Which Franchises Have the Highest SBA Loan Default Rates?
We analyzed 89,000 SBA 7(a) loans across 5,700+ franchise systems. Here's what we found.
Last updated: March 2024 · Data: SBA 7(a) loan performance records, 2010–2024
Key Findings
Highest SBA Default Rates
Franchise systems with the highest loan charge-off rates. Minimum 50 SBA 7(a) loans.

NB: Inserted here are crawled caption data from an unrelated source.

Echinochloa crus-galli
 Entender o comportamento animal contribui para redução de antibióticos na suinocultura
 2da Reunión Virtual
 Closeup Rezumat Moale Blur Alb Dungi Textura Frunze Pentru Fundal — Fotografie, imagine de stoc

| Rank | Franchise | Default Rate | Total Loans |
|---|---|---|---|
| 1 | Quiznos | 28.9% | 412 |
| 2 | Sbarro | 24.1% | 89 |
| 3 | Curves | 19.3% | 1,243 |
| 4 | Cold Stone Creamery | 16.8% | 387 |
| 5 | Subway | 12.0% | 8,941 |
| 6 | Great Clips | 11.2% | 1,567 |
| 7 | Fantastic Sams | 10.3% | 298 |
| 8 | Marble Slab Creamery | 9.8% | 112 |
| 9 | Baskin-Robbins | 9.1% | 876 |
| 10 | Checkers/Rally's | 8.7% | 234 |
Lowest SBA Default Rates
Franchise systems with the strongest loan performance. These brands have the lowest charge-off rates in the SBA database.
| Rank | Franchise | Default Rate | Total Loans |
|---|---|---|---|
| 1 | RE/MAX | 0.9% | 2,341 |
| 2 | Keller Williams | 1.2% | 1,876 |
| 3 | Five Guys | 1.8% | 534 |
| 4 | Anytime Fitness | 2.0% | 2,109 |
| 5 | Orangetheory Fitness | 2.1% | 687 |
| 6 | Ace Hardware | 2.3% | 1,456 |
| 7 | Sport Clips | 2.8% | 892 |
| 8 | The Maids | 3.2% | 167 |
| 9 | Snap-on Tools | 3.4% | 543 |
| 10 | ServiceMaster | 3.7% | 1,098 |
Default Rates by Industry Category
Methodology
Data sourced from SBA 7(a) loan performance records, 2010–2024. Default is defined as a loan charge-off or SBA loss claim. Only franchise systems with a minimum of 50 loans are included to ensure statistical significance.
Franchise names are matched to SBA borrower records using a combination of exact name matching, NAICS code cross-referencing, and manual verification for the top 500 systems. The database covers 89,000 individual loan records across 5,700+ identified franchise brands.
Default rates reflect historical performance and should not be interpreted as predictions of future performance. Economic conditions, franchise system changes, and individual operator factors all influence outcomes.
What This Means for Franchise Buyers
SBA default rates are one of the most underused tools in franchise due diligence. While most prospective franchisees focus on the franchise fee, royalty rate, and Item 19 earnings claims, default rates tell you something those numbers can't: how often real operators, using real SBA financing, fail to repay their loans. A high default rate doesn't automatically mean a franchise is a bad investment — but it should trigger deeper investigation into why borrowers struggled.
Use default rates as a screening filter, not a verdict. A rate above 8% should prompt caution: cross-reference it with the franchise's Item 20 turnover data, look at litigation history in Item 3, and talk to current and former franchisees. A rate above 15% is a serious red flag — it means roughly 1 in 7 borrowers defaulted, and the franchise system likely has structural issues with unit economics, site selection, or operational support. Conversely, a low default rate (under 3%) is a strong signal that the franchise model works for operators who use conventional financing.
Remember: SBA lenders perform their own underwriting before approving loans. A high default rate means that even after bank-level due diligence, operators still failed. That's a signal worth taking seriously. Combine SBA data with Item 19 financial performance data and your own franchisee validation calls for the most complete picture of franchise risk.